In der Assoziation Südostasiatischer Staaten ASEAN arbeiten Länder seit Jahren eng zusammen. In den 1960er Jahren als antikommunistisches Bündnis während des amerikanischen Vietnamkrieges gegründet, sind die mittlerweile zehn Mitgliedstaaten neutral, mischen sich einzeln weder in die Angelegenheiten anderer Mitgliedländer ein, noch beziehen sie Stellung als ASEAN-Gemeinschaft. Sie arbeiten, immer im Konsens, lediglich wirtschaftlich zusammen. So gibt es etwa die ASEAN-Freihandelszone oder die ASEAN-Investment-Area für gegenseitige Direktinvestitionen. Daneben gibt es zum Thema Sicherheit das ASEAN-Regionalforum. Das sind durchaus pragmatische Lösungen, denn die zehn Mitglieder könnten unterschiedlicher nicht sein.
Unterschiede
Von der Grösse her zum Beispiel: Vom Sultanat Brunei mit 460’000 Einwohnern über Laos mit 7,5 Millionen oder Malaysia mit 33 Millionen bis hin zu Vietnam mit 99 Millionen oder Indonesien mit 270 Millionen. Die ASEAN-Gemeinschaft mit über 600 Millionen Menschen übertrifft die EU mit ihren rund 500 Millionen also klar. Aber es gibt nicht nur Grössenunterschiede. Auch die wirtschaftlichen, sozialen, kulturellen und zumal die religiösen und politischen Unterschiede sind enorm. Vietnam und Laos etwa werden von kommunistischen Parteien regiert. Die Philippinen und Indonesien wiederum sind mittlerweile richtige Demokratien. Myanmar, Singapur, Malaysia oder Thailand hingegen sind allenfalls autoritär mit demokratischem Ansatz, während Brunei und Kambodscha absolute Monarchien sind. Auch religiös ergibt sich ein disparates Bild. Dem buddhistischen Thailand, Kambodscha und Myanmar stehen das islamische Indonesien, Brunei oder Malaysia gegenüber, während Laos und Vietnam sich mehrheitlich als atheistisch deklarieren und schliesslich die Philippinen ihrer spanischen Kolonialzeit wegen noch heute katholisch geprägt ist.
Schwergewicht
Das unbestrittene Schwergewicht in Südostasien ist Indonesien. Mit 270 Millionen Einwohnern ist es nach China, Indien und den USA das bevölkerungsreichste Land der Erde. Dennoch schafft es das grösste muslimische Land der Welt selten in die Schlagzeilen.
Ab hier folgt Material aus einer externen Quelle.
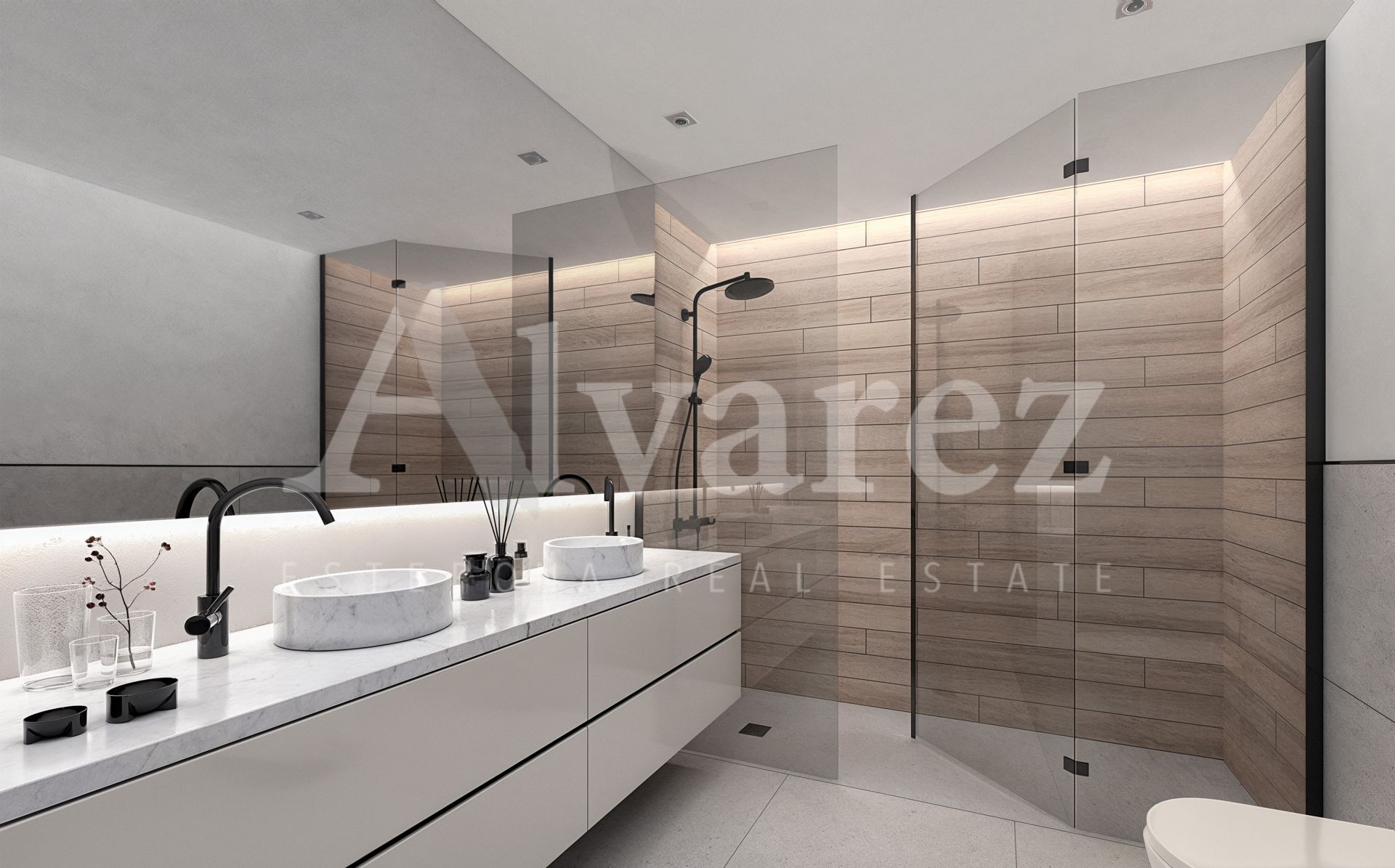 Apartamento en Los Hidalgos, Manilva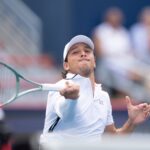 Tennis, ATP Montreal: Darderi knocked out in the quarter-finals, Nakashima through
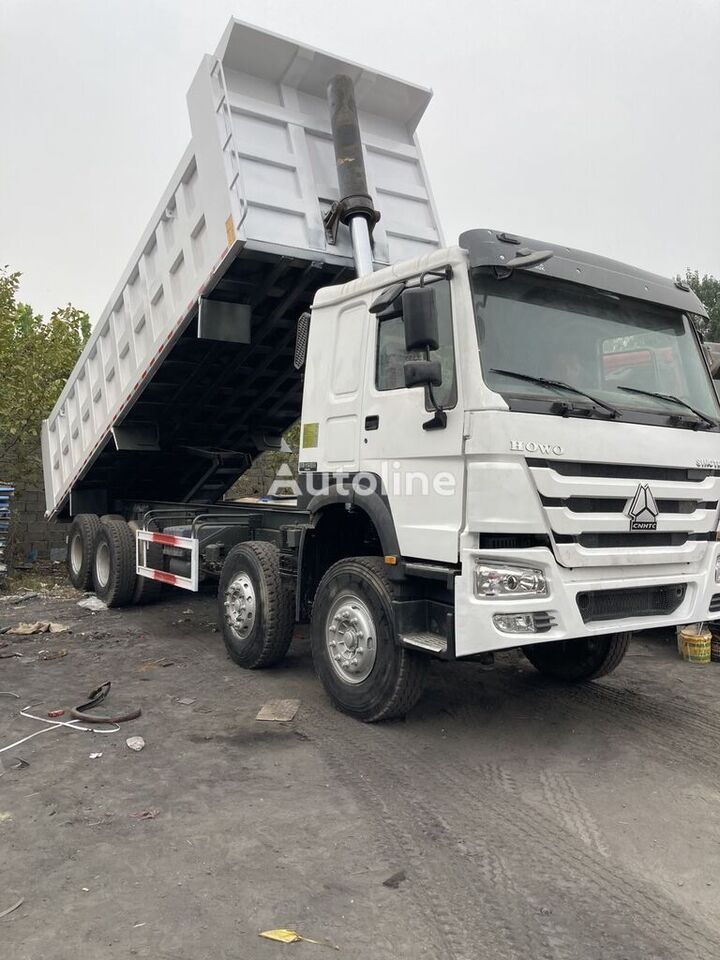 Howo - Truk jungkit: gambar 1 Howo - Truk jungkit: gambar 1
Wie so oft bei andern Entwicklungs- und Schwellenländern sind es erst Naturkatastrophen oder politische Umwälzungen, die für internationale Aufmerksamkeit sorgen. In Indonesien war das 1998 der Fall, als der Autokrat Suharto nach dreissigjähriger Herrschaft gestürzt und ein langsamer Übergang zur Demokratie ermöglicht wurde. 2004 sorgte nach einem schweren Erdbeben ein Tsunami für Schlagzeilen. In Banda Aceh kamen 130’000 Menschen ums Leben. Seither bewegt sich Indonesien, ähnlich übrigens wie Vietnam ein Jahrzehnt früher, wirtschaftlich erfolgreich nach vorne im Windschatten von China, das aus geopolitischen Gründen seit langem fortlaufend für Schlagzeilen sorgt.
Am Anfang des Wandels
Indonesien trägt zum Bruttoinlandprodukt der ASEAN satte siebzig Prozent bei. International gesehen ist das Land kaufkraftbereinigt die Nummer 10 der weltweit grössten Volkswirtschaften und ist mithin Mitglied der G-20-Staaten. Fast 60 Prozent der Indonesier und Indonesierinnen wohnen in Städten. Wichtiger noch für die Zukunft: das mittlere Alter beträgt nur 28 Jahre (China 37, Schweiz 42). Das ist in einer Zeit des digitalen Umbruchs ein grosser Vorteil. Zwar steht Indonesien erst am Anfang des digitalen Wandels, wie das Stadt-Land-Gefälle deutlich zeigt, doch bereits jetzt ist klar, dass das Land einer der weltweit wachstumsstärksten Wirtschaftsräume ist. Im Archipel der 17’000 Inseln gibt es bereits eine flächendeckende Verfügbarkeit von Internet und Smartphones. Die Zahlen sind eindrücklich. Bei einer Bevölkerung von 270 Millionen sind 355 Millionen Handy-Abonnemente eingelöst. 185 Millionen Indonesier und Indonesierinnen nutzen das Internet – 2011 waren es erst 40 Millionen. 86 Prozent der Bevölkerung nutzen bereits hin und wieder E-Commerce, also elektronisches Einkaufen.
Palapa Ring Projekt
Vor wenigen Monaten erst wurde das Milliarden-teure Palapa Ring Projekt fertiggestellt, ein die vielen Inseln verbindendes, 36’000 Kilometer messendes Glasfasernetz im Meer. Es reicht bis in die hinterste Ecke des Archipels. Dadurch erst werden neue Technologien, wie beispielshalber 5G-Mobilität, effizient nutzbar. Der Wandel von konventionellen Geschäftsmodellen hin zu internet-basierten Modellen für die Versorgung von Gütern und Dienstleistungen ist jedoch auch in Indonesien nicht einfach. Führend im digitalen Wirtschaftssektor ist die Hauptinsel Java, wo 60 Prozent der indonesischen Bevölkerung leben und arbeiten. Die indonesische Internet-Ökonomie setzte 2018 rund dreissig Milliarden Dollar um. Bis 2025 sollen es dann 150 Milliarden Dollar sein. Bei der Weiterentwicklung, so die Hoffnung der digitalen Nerds, ist nur der Himmel die Grenze.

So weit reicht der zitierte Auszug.